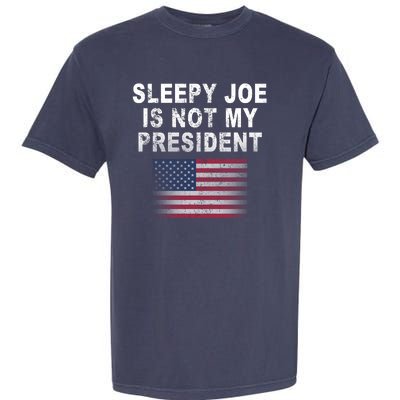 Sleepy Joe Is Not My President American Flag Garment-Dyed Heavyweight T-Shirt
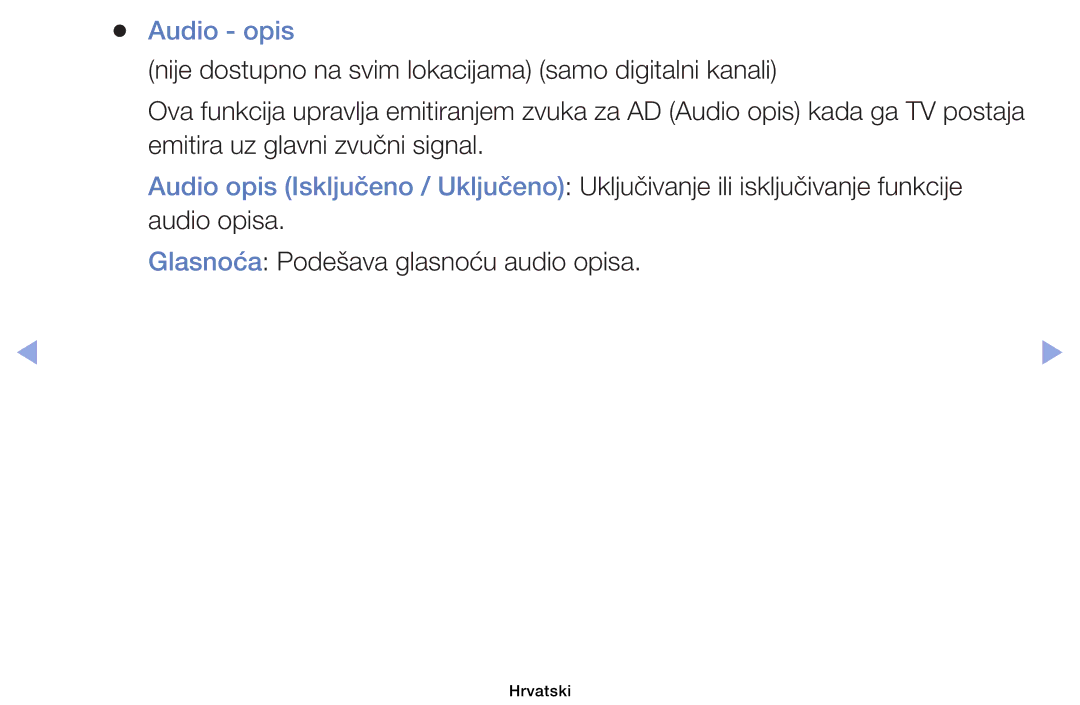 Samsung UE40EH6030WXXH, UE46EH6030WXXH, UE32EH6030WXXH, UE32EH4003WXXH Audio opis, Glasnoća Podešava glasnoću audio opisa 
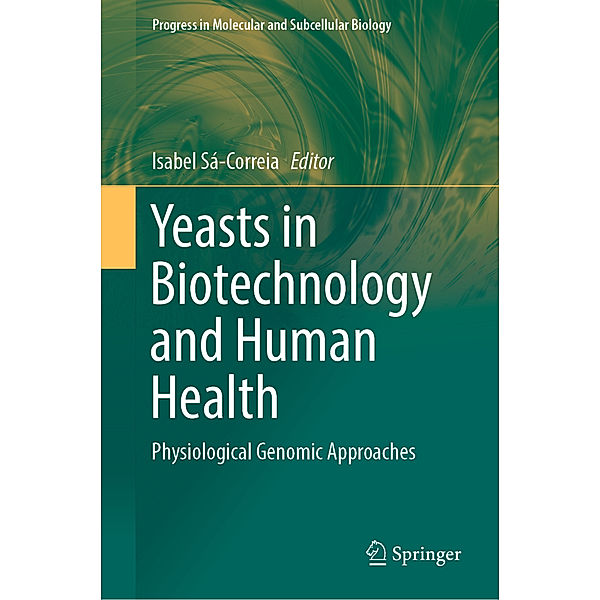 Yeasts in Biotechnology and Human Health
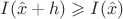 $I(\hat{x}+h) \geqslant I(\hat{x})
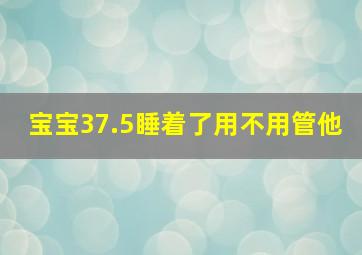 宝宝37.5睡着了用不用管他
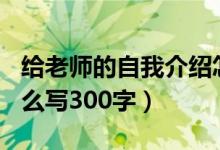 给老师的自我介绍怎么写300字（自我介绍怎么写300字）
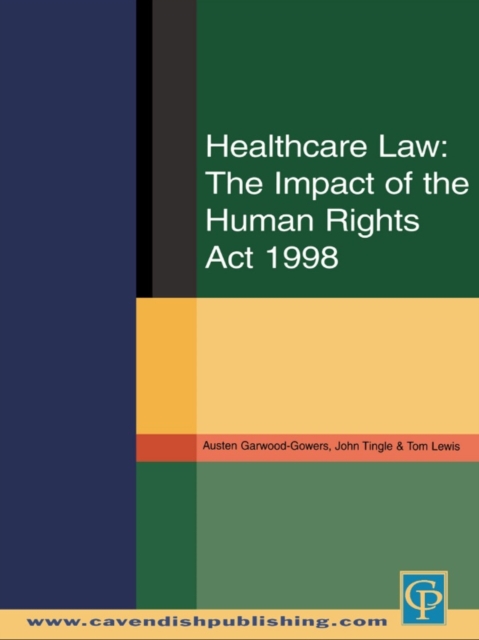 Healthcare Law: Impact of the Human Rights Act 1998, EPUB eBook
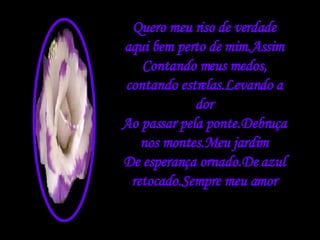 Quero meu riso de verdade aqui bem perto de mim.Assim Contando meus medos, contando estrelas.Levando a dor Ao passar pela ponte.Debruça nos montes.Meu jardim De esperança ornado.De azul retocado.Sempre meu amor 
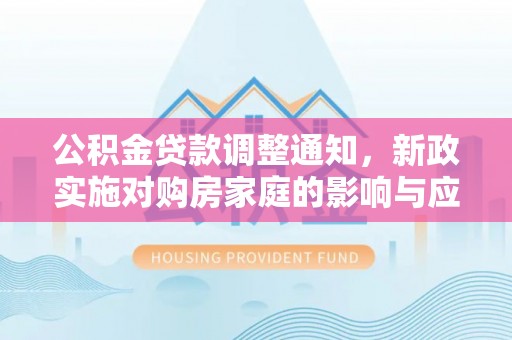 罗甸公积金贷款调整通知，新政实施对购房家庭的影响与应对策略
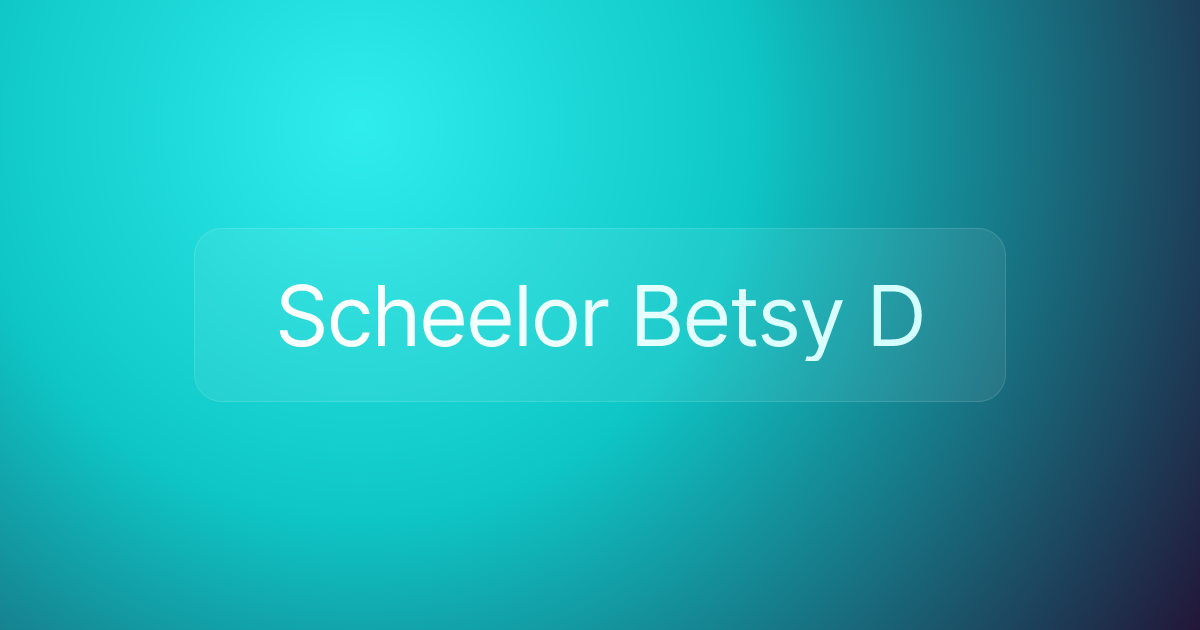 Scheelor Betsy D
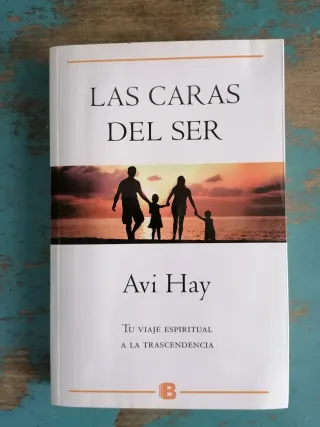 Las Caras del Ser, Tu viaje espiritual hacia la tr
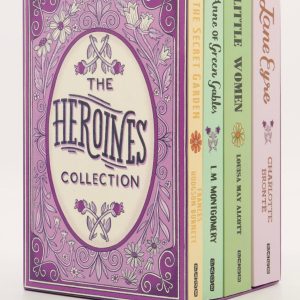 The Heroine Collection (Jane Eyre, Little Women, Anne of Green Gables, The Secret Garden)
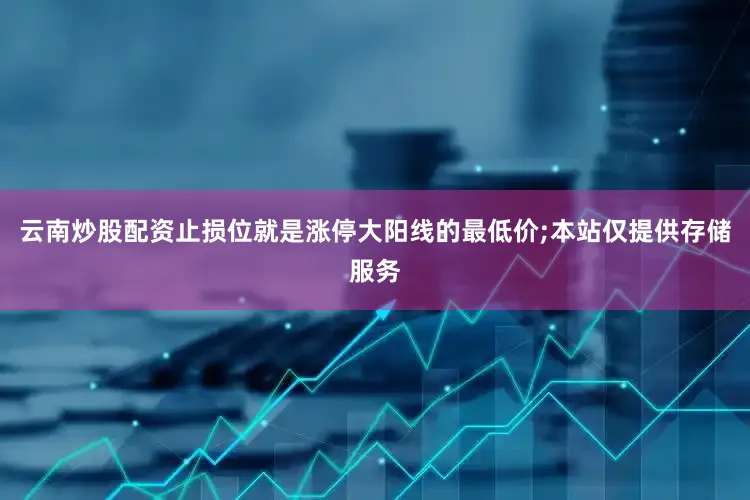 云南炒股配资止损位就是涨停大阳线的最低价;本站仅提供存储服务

--

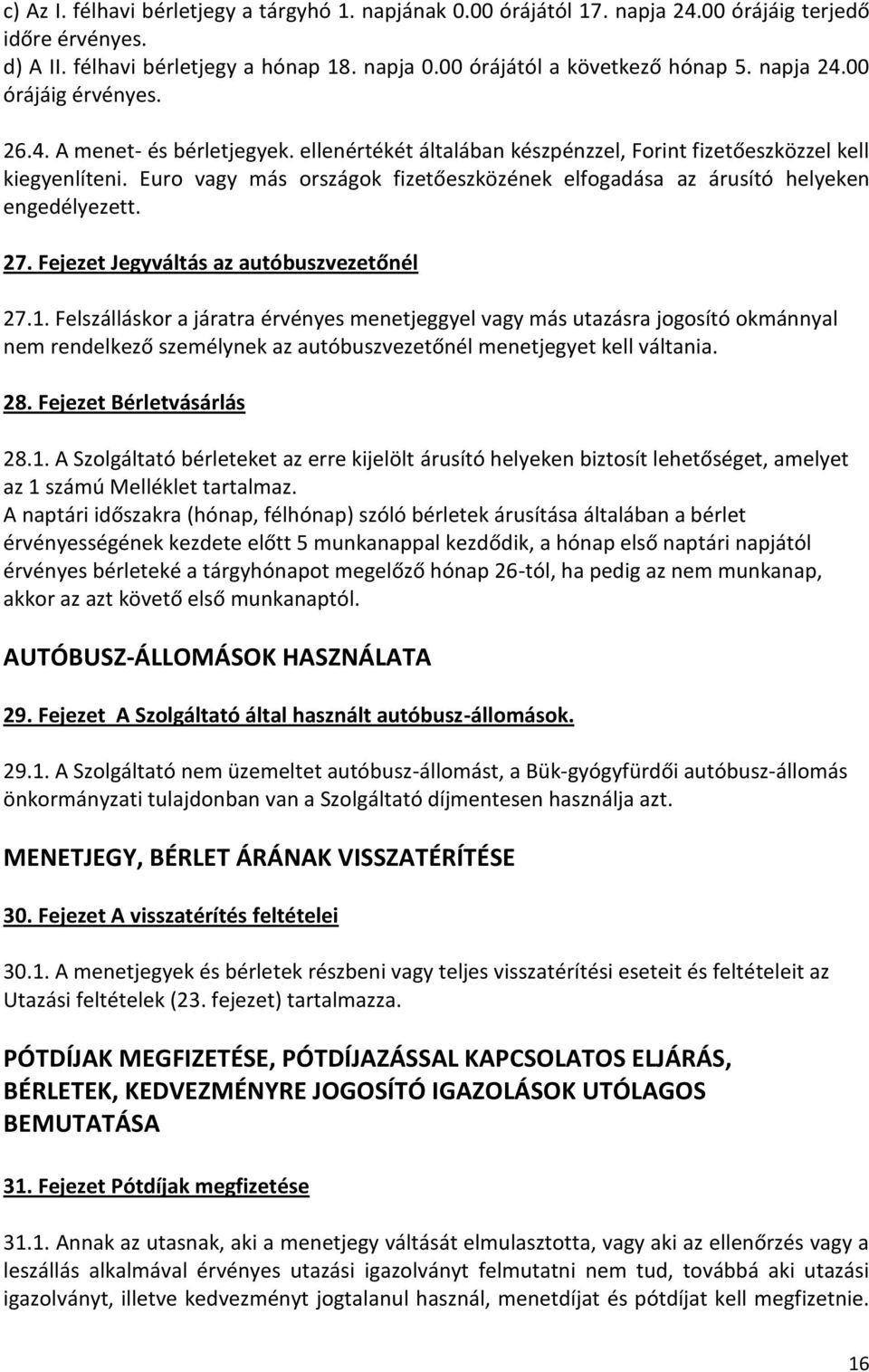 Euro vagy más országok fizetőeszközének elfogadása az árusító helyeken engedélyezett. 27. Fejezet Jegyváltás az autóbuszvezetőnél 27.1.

...

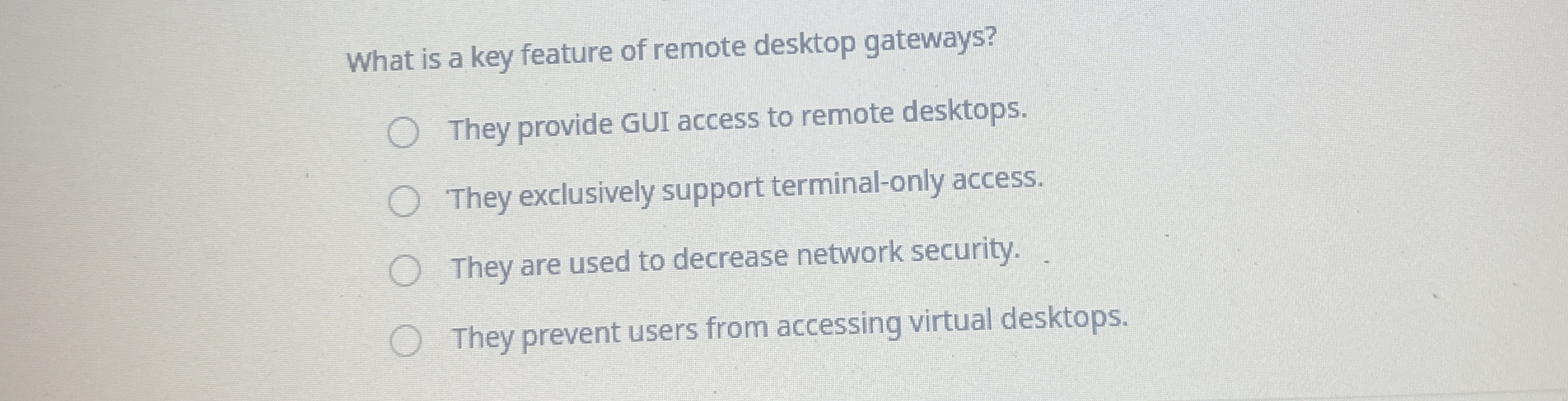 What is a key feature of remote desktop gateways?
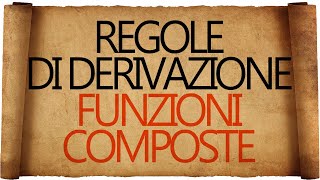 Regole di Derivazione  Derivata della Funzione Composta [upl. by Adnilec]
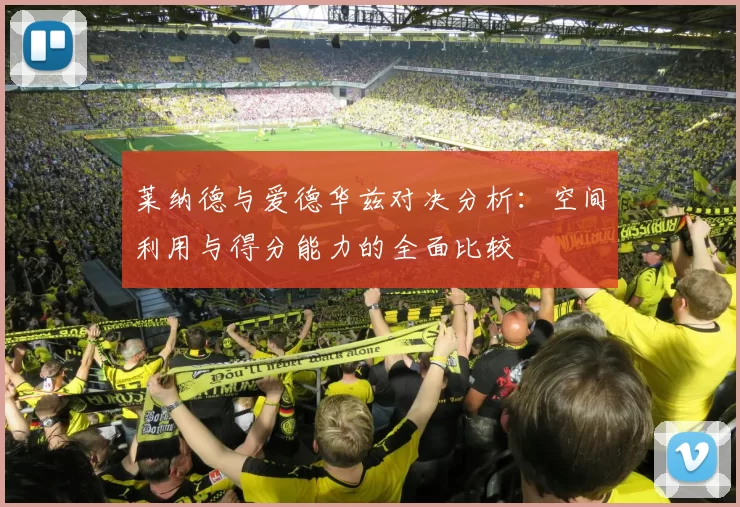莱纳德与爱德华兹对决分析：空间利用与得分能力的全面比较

## [Task to complete]
Would you print exactly the lines in the listing above, from the line bearing "罗甸公积金贷款调整通知，新政实施对购房家庭的影响与应对策略" through the line bearing "云南炒股配资止损位就是涨停大阳线的最低价;本站仅提供存储服务", leaving out all pictures?

## [Solution to the exercise]
 罗甸公积金贷款调整通知，新政实施对购房家庭的影响与应对策略
 Scheelor Betsy D
 Las Caras del Ser, Tu viaje espiritual hacia la tr
 The Heroine Collection (Jane Eyre, Little Women, Anne of Green Gables, The Secret Garden)
 云南炒股配资止损位就是涨停大阳线的最低价;本站仅提供存储服务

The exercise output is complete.